I’d like to congratulate the Santa Ynez Band of Chumash Indians, who patiently persisted in their quest to turn Camp 4 into reservation land and finally made it happen! 

THE CANARY:

With the flick of President Donald Trump’s wrist and a little bit of work on U.S. Rep. Salud Carbajal’s (D-Santa Barbara) part, the devil was in the details of the National Defense Authorization Act, which Trump signed in December. The bill included pay raises for service members, paid family leave for federal employees, and research funding for universities, alongside language that mirrors a bill introduced by U.S. Rep. Doug LaMalfa (R-Richvale) a number of times on behalf of the tribe since 2013. Whew! That’s a long time.

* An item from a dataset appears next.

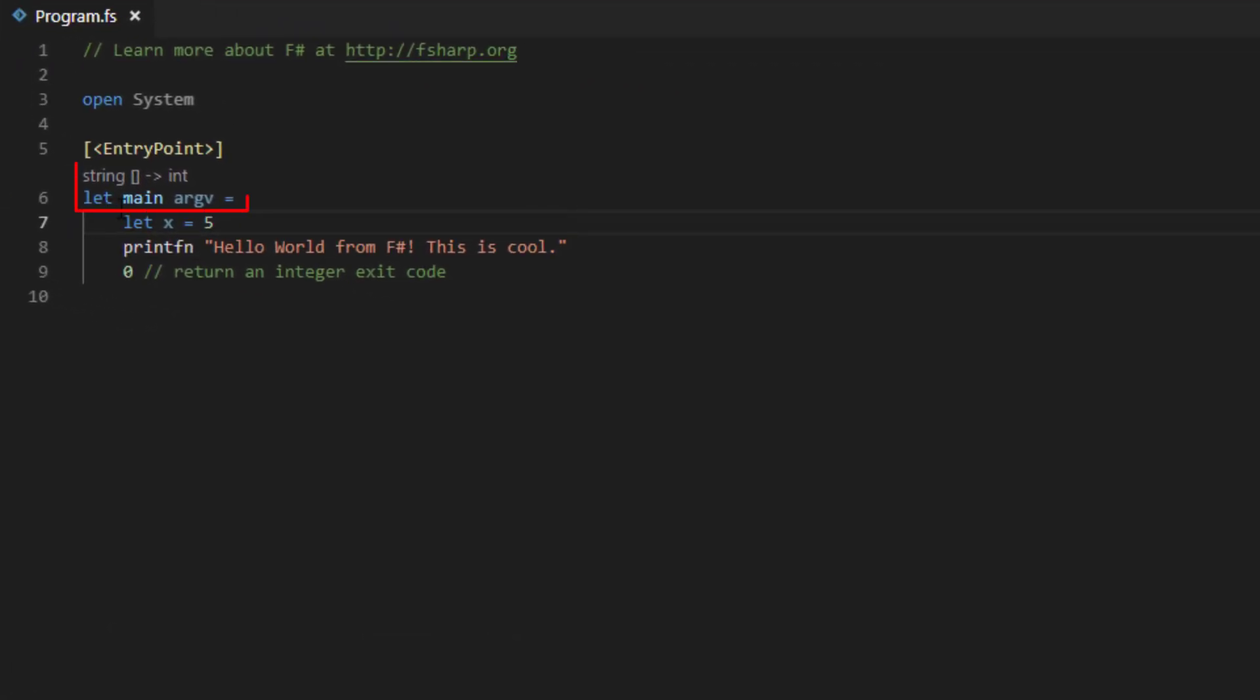Ionide also gives us a code lens, which shows us the inferred types for values. For example, the main function takes in an array of strings and returns an int. This is an extremely useful educational tool when learning F-Sharp, as you can use it to understand how the F-Sharp type inference system behaves.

I bet all of those anti-Chumash residents who call themselves the Santa Ynez Valley Concerned Citizens and Santa Ynez Valley Coalition are positively itching to sue Congress and the president over this. Just give them one shot! 

Pretty soon, the tribe is going to start building those ranch houses that look like all of the others in the valley! Gasp! 

I also want to highlight a couple of doozies from 2019’s list of headlines, starting with Solvang. The city fought with the Solvang Conference & Visitors Bureau for months over a contract, finally ending things between the two. But the saga didn’t end there. Nope! City Attorney Chip Wullbrandt had to chase Solvang’s bureau assets all over town, including $16,000 that the wily, pissed off ex-bureau President Kim Jensen donated to the Central Coast Film Society, and the city is still missing some technological components! What a troublemaker! 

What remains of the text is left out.